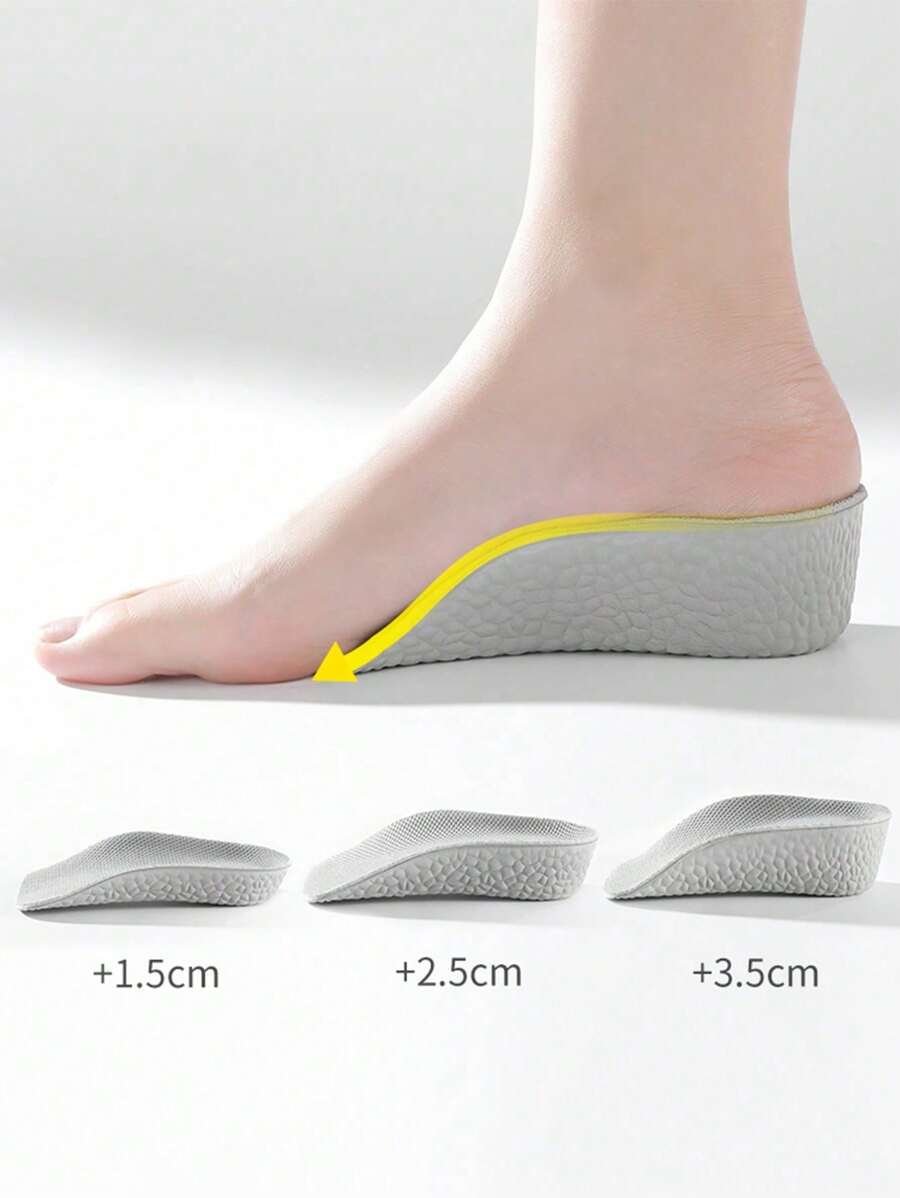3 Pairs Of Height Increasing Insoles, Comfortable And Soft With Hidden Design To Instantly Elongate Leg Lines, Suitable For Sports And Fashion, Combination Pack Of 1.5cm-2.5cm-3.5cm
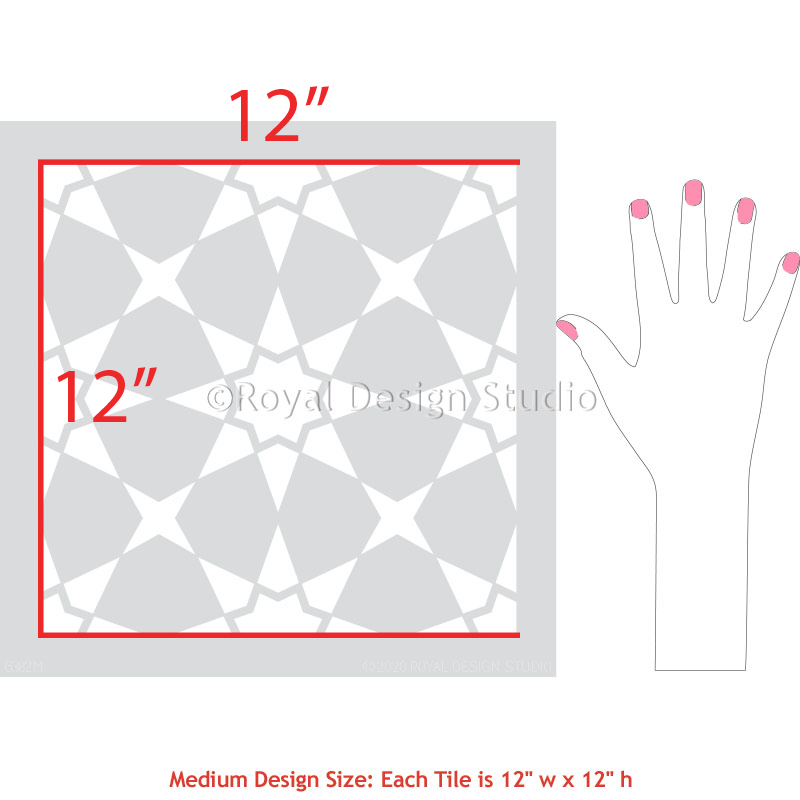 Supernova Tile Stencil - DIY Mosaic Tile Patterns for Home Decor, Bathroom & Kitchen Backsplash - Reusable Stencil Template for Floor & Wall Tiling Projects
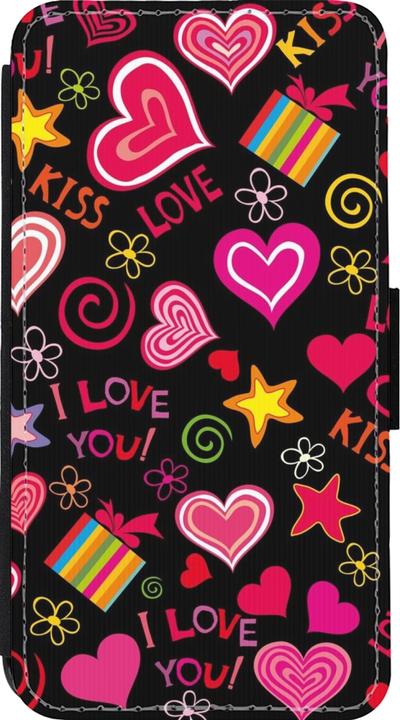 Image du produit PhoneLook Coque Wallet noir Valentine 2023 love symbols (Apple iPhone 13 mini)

━━━━━━━━━━━━━━━━━━━━━━━━━━━━━━

▶ _What needs to be done_:
Give back the material word for word, leaving out its pictures.

▶ _Written answer_:
3 Pairs Of Height Increasing Insoles, Comfortable And Soft With Hidden Design To Instantly Elongate Leg Lines, Suitable For Sports And Fashion, Combination Pack Of 1.5cm-2.5cm-3.5cm
 Supernova Tile Stencil - DIY Mosaic Tile Patterns for Home Decor, Bathroom & Kitchen Backsplash - Reusable Stencil Template for Floor & Wall Tiling Projects
 Image du produit PhoneLook Coque Wallet noir Valentine 2023 love symbols (Apple iPhone 13 mini)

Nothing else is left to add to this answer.